Don’t read on if you’re the type to get the vapors when an otherwise responsible adult draws Life Lessons from a science fiction serial. Or don’t want to know what happened on Sunday’s episode because you haven’t gotten around to it yet.
So, I just caught up with this weekend’s TiVo of Battlestar Galactica, and am a bit off-put to discover that Kara Thrace buys it in dramatic fashion at the end of a nervous breakdown. The script writers have a job ahead of them explaining how she pulls through, because this viewer? He’s ready to accept the fact that maybe Starbuck is a cylon. Without knowing it. But he won’t buy her being a mort.

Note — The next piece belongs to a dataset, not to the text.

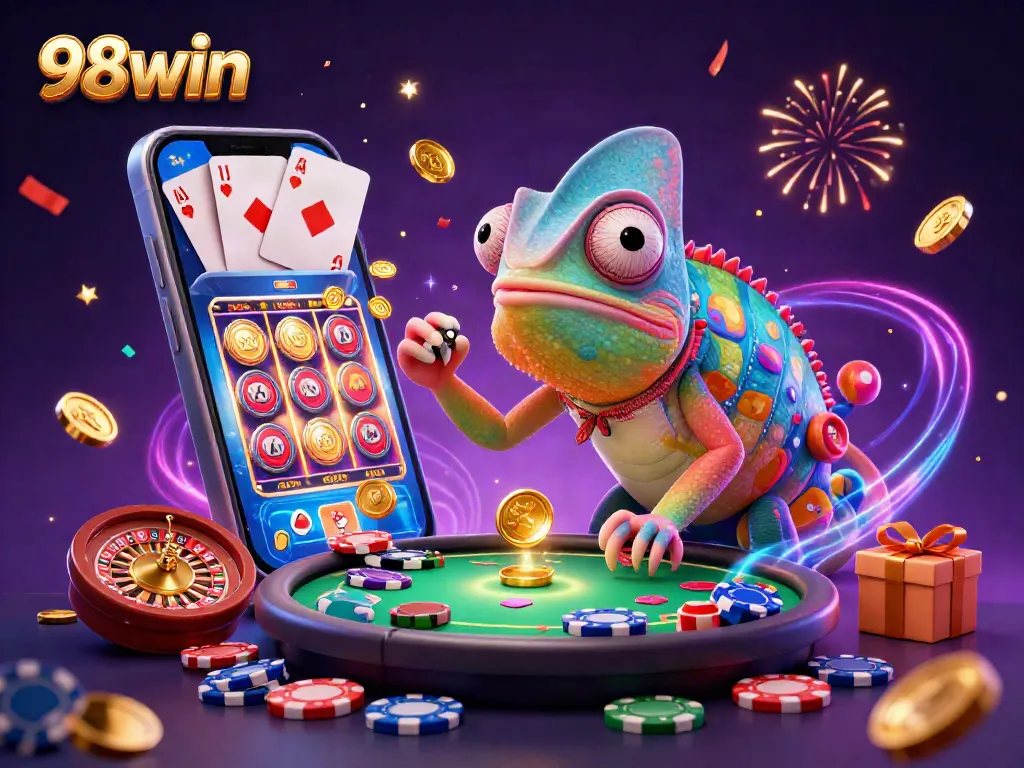 Engage with 98win's vibrant casino scene featuring a chameleon character and exciting game elements.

We’re just not ready for that.
But you know, the episode brought up some uncomfortable memories – especially the bit where the CAG has to decide whether or not to ground an exceptional aviator who’s clearly operating outside the normal limits. The “failing aviator” syndrome is one that all of us have been trained to recognize – it’s the guy who’s average, or maybe not even average but doesn’t want to believe it. His identity is tied up with being the best, but his ego is writing checks his talent can’t cash. In an effort to prove to others – and himself – that he’s actually as good as he thinks he is, he routinely exposes himself to ever more hazardous regimes of flight until eventually his talent runs out. He augers in to the manifest surprise of his leadership, but to the knowing exchange of glances among his peers, who all of them saw it coming but none of whom, out of some misplaced sense of loyalty, felt it appropriate to say something before the worst happened. This failure to act leaves the rest of us to explain to some grieving wife, girlfriend or mother why this “had to happen,” all the while knowing that it didn’t.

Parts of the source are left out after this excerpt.